[PYTHON] [For those who want to use TPU] I tried using the Tensorflow Object Detection API 2

Introduction

This is Ichi Lab from RHEMS Giken. (* Please note that the title TPU is an abbreviation for Tensor Processing Unit and does not mean thermoplastic polyurethane.)

The previous article is here. [For beginners] I tried using the Tensorflow Object Detection API

TensorFlow's Object Detection API (API) is very useful for creating AI for object detection. On the other hand, I think that there are many people who have the following problems.

This time, I would like to take this opportunity to leave a memorandum on how I was able to use Cloud TPU to the extent that I could afford to pay even at the individual level.
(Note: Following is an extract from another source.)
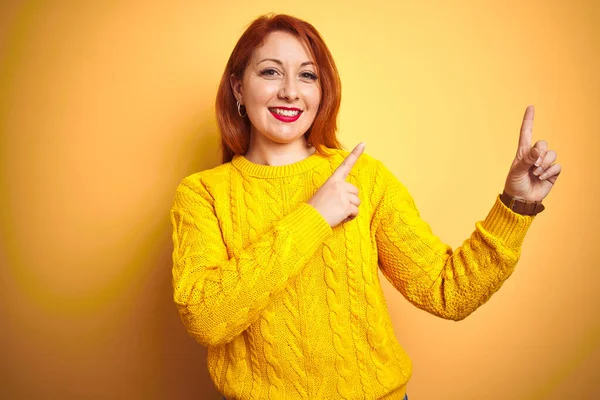 美丽的红头发女人穿着冬季毛衣 站在孤立的黄色背景上微笑着 看着摄像机 用双手和手指指向旁边 — 图库照片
Using the API the way in this article makes it possible to make GCP's Cloud TPU much cheaper than using it from start to finish.

We hope that it will be of some help to everyone.

Preface

Rough method

From the conclusion, I think the following is the best way to use the API with TPU at the lowest possible price.

  1. Learn with the free tier of Google Colaboratory
  2. If you want to learn while playing from the free tier, continue with GCP's VM and Cloud TPU (both preemptive)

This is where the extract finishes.